Arpita: Yes, working on that episode on the lockdown related return migration was really heartbreaking I must admit. Just so many stories of endurance that should not be asked of anyone.

Deepika: You know though, as we were discussing some time back, in one way this is very hard to acknowledge, the immense suffering that we are seeing now and also hardships that people are facing during this period of social distancing. But I think, in our case the reason for wanting to say this out aloud, to explore and map the many problems our cities are facing was not to chalk out some dark prophecy of doom.

Arpita: Most certainly not, in fact quite the opposite. I think …hmm.. I think how we’ve come to understand this is maybe how Rilke, the poet, once put it to his student: “Why should you want to exclude from your life all unsettling, all pain, all depression of spirit, when you don’t know what work it is these states are performing within you? Why do you want to persecute yourself with the question of where it all comes from and where it is leading? You well know you are in a period of transition and want nothing more than to be transformed”. 

Deepika: I feel like copying that out and pinning it up on my soft board as we speak!

Arpita: I think it’s taken me a while to really process this advice. You know he later adds: “All one has to do is help it to be ill, to have its whole illness and let it break out, for that is how it mends itself”. It sounds grim but I think what he’s simply saying is that our acceptance of the problem or the illness, of its existence and of its power over us, is the first step towards beginning to mend.

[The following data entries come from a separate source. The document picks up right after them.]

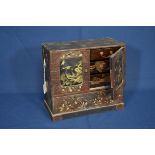Early 20th century Oriental lacquered table top cabinet.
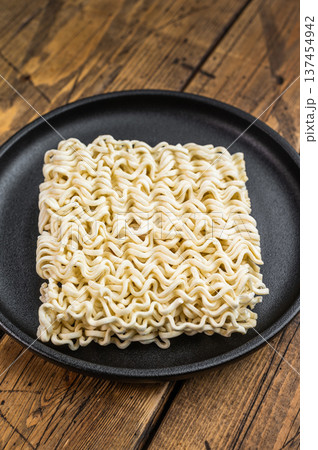 Raw wheat instant noodle brick with cilantro on black dish over vintage wood surface minimal Asian convenience food concept 137454942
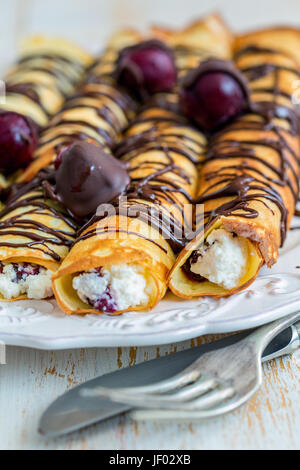 Crêpes mit Frischkäse, Kirschen und Schokolade. Stockfoto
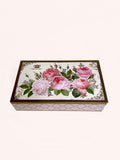 Pink roses in a heritage-style tin that opens with hinges, by Nostalgia.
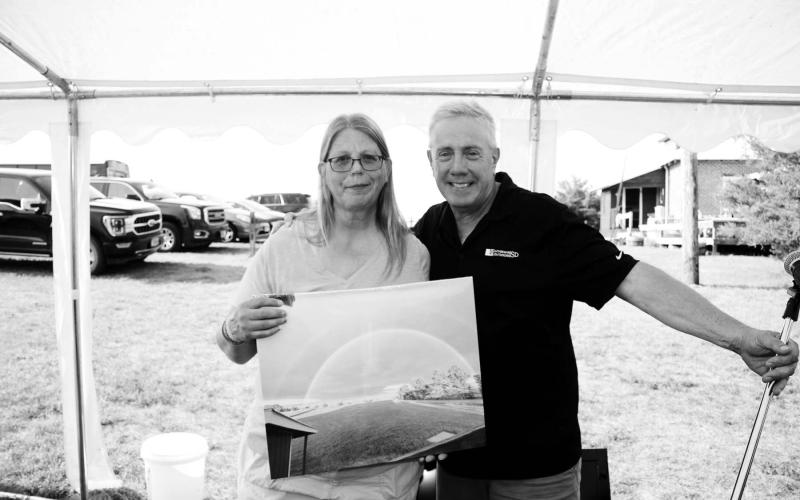 Paul Hanson (RIGHT) presented Teri Gayer with a photo of a rainbow at Klein Ranch during a celebration honoring her on July 22. Photo by Roger Lawien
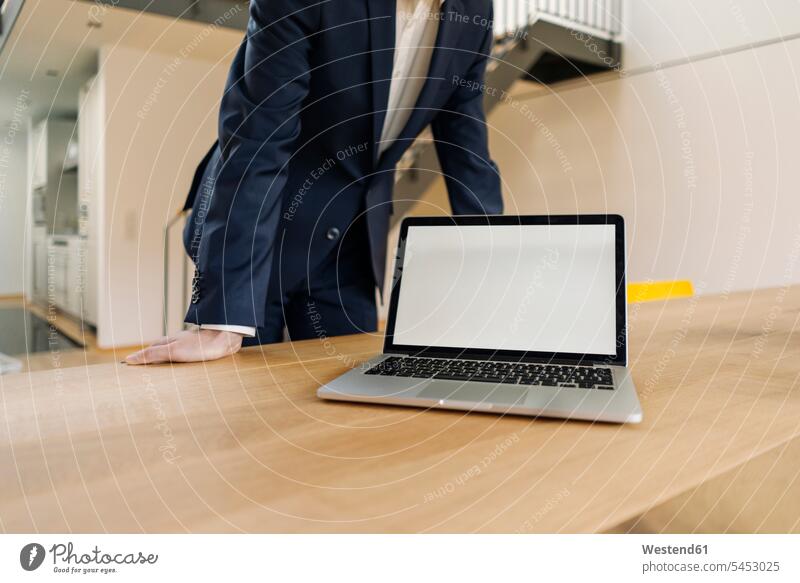 Businessman leaning on table with laptop office offices office room office rooms Laptop Computers laptops notebook Business man Businessmen Business men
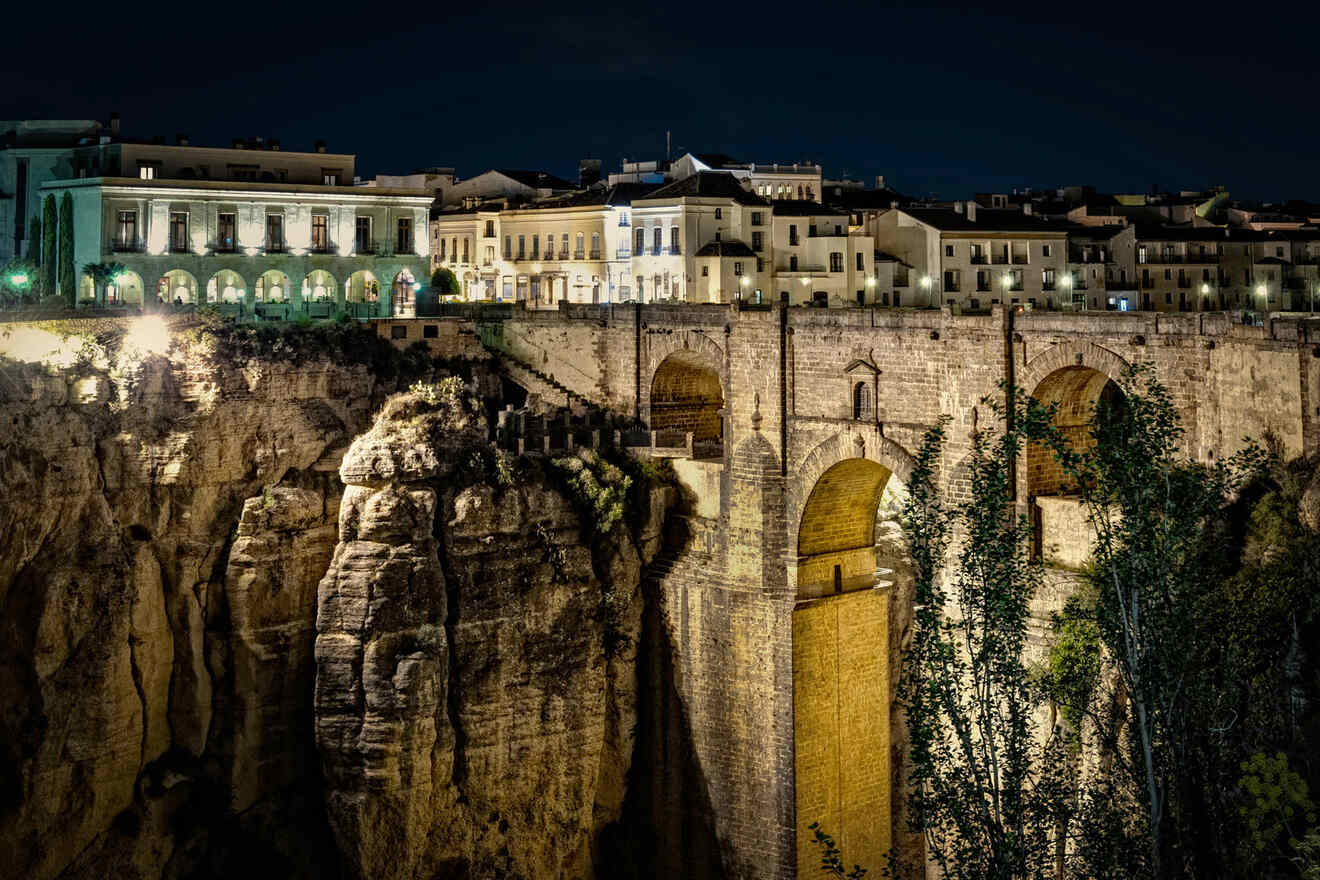 Night view of a historic stone bridge and adjacent buildings atop cliffs illuminated by lights.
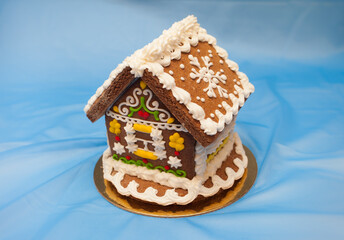 A house made of gingerbread on a blue background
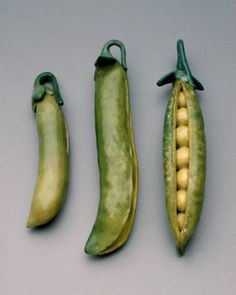 three peas and two peas pods on a gray surface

And you know in some ways, how I see it is that the pandemic and the climate crisis – what they’re doing is asking for our collective acknowledgement, our acceptance that something is not right. And till we begin to see this and accept it – we continue stalling and working against ourselves.

Deepika: Yes I see what you mean. It strangely reminds me of the stages of grief. Grief because – there is loss. So much loss, right? Especially with the pandemic you can see it all the more clearly – there is a loss of control, of steadiness, of predictability, of access to people we love and care for, of access to planning our days and our lives ahead – these might seem abstract but they’re very real parameters which allow for us to feel settled and directed. So the loss of these really is quite an overwhelming one. And the process of grief is now famously supposed to be of these five steps right – denial, anger, bargaining, depression – and then once you plough through some mix of these experiences and emotions, in time one hopes you arrive at acceptance.

Arpita: And from that place of acceptance we can then begin to consider what needs to change to make things better.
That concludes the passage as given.